ComplicationsBy Mayo Clinic staff
Type 2 diabetes can be easy to ignore, especially in the early stages when your child is feeling fine. But type 2 diabetes must be taken seriously. The condition can affect nearly every major organ in your child's body, including the heart, blood vessels, nerves, eyes and kidneys. Keeping your child's blood sugar level close to normal most of the time can dramatically reduce the risk of these complications.
The long-term complications of type 2 diabetes develop gradually. But eventually, diabetes complications may be disabling or even life-threatening.
- Heart and blood vessel disease. Diabetes dramatically increases your child's risk of various cardiovascular problems, including heart disease, stroke, high cholesterol and high blood pressure.
- Nerve damage (neuropathy). Excess sugar can injure the walls of the tiny blood vessels (capillaries) that nourish your child's nerves, especially in the legs. This can cause tingling, numbness, burning or pain.
- Nonalcoholic fatty liver disease. Children with type 2 are more likely to develop nonalcoholic fatty liver disease, which can eventually lead to scarring of the liver and cirrhosis.
- Kidney damage (nephropathy). Diabetes can damage the numerous tiny blood vessel clusters in the kidneys that normally filter waste from your child's blood. The earlier diabetes develops, the greater the concern. Severe damage can lead to kidney failure or irreversible end-stage kidney disease, requiring dialysis or a kidney transplant.
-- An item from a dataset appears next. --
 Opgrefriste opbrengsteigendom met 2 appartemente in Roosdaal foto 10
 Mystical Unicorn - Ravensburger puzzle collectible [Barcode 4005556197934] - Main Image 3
- Eye damage. Diabetes can damage the blood vessels of the retina (diabetic retinopathy). Diabetes can also lead to cataracts and a greater risk of glaucoma.
- Foot damage. Nerve damage in the feet or poor blood flow to the feet increases the risk of various foot complications. Left untreated, cuts and blisters can become serious infections.
- Skin conditions. Diabetes may leave your child more susceptible to skin problems, including bacterial infections, fungal infections and itching.
- Brain problems. Diabetes is associated with an increased risk of dementia and Alzheimer's disease later in life. Exactly why these conditions are related isn't yet clear.